Per capire l'aggressione di piazza del Duomo bisogna scavare nel sottosuolo culturale italiano, nel linguaggio avvelenato che ormai ci sommerge dalla mattina alla sera. La violenza è sempre ‘‘il prodotto della notte della politica, di un tutto-è-permesso che addormenta la sensibilità civile e la responsabilità della ragione.
di Giuliano Ferrara da Panorama
Dietro quella storia oscena del demente e vigliacco che spara un oggetto di marmo contro la faccia di Silvio Berlusconi non c'è solo la cupa condizione della lotta politica in Italia, che dura inalterata dal Cinquecento, che riemerge a tratti nelle diverse forme del banditismo fazioso, del lavacro ideologico realizzato sulla pelle delle persone, della vendetta civile in ogni stagione, anche la più felice, della storia degli italiani. Dietro l'intolleranza violenta di un momento c'è la farsa mite, strisciante, della tolleranza universale.

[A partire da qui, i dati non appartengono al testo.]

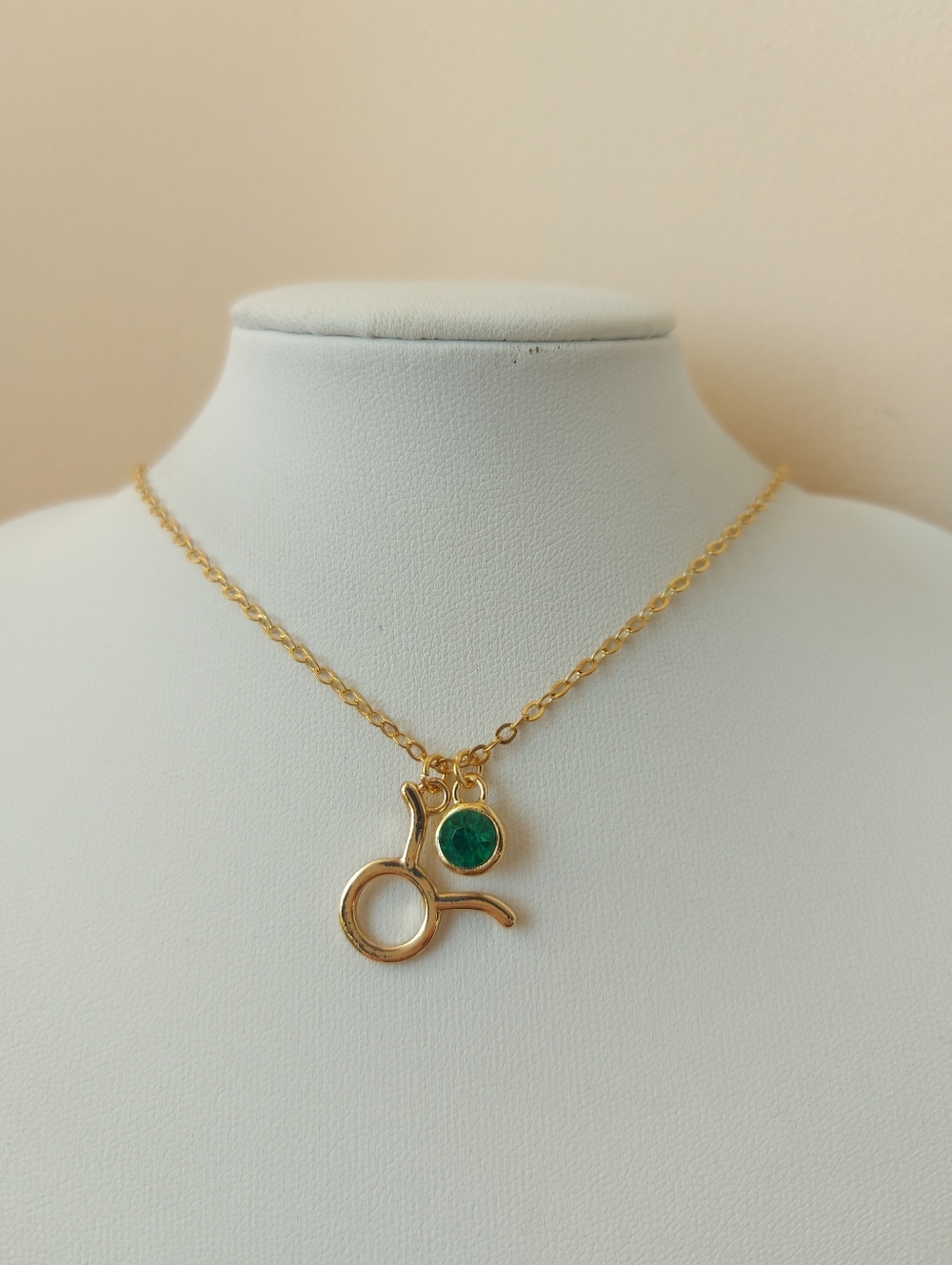 Gold Color Taurus Horoscope Green Diamante Necklace (Cant Ship Until May 16th)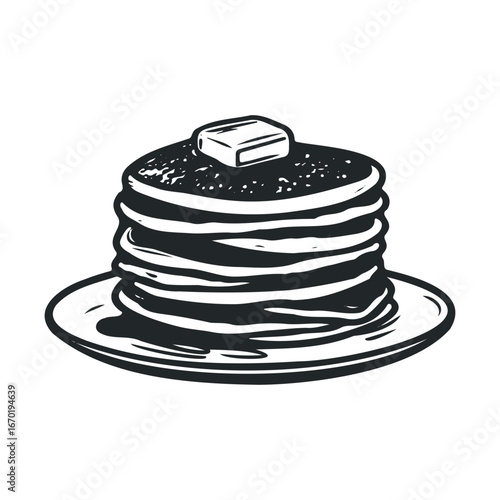Vintage black and white stack of pancakes with butter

Qui è lo scandalo.
Quando per la prima volta la residenza privata di un uomo politico fu presa di mira da una folla inferocita e mentalmente insana, quando al termine di un comizio dell'opposizione il manipolo dei linciatoti e lanciatori di monetine si trasferì sotto l'Hotel Raphael di Roma dove abitava l'uomo nero del momento, Bettino Craxi, nel nostro Paese era in pieno corso una rivolta plebea contro i partiti e le classi dirigenti, animata e nutrita da un pezzo dell'establishment con l'appoggio codino, reazionario, di un manipolo di gazzettieri e togati decisi a tutto, perfino a servirsi di un poliziotto dai comportamenti assai discutibili, in cerca di gloria politica, chiamato Antonio Di Pietro. Il cocco di Enzo Biagi e dell'avvocato Vittorio D'Ajello, il beniamino della salotteria milanese più intrisa di mediocrità.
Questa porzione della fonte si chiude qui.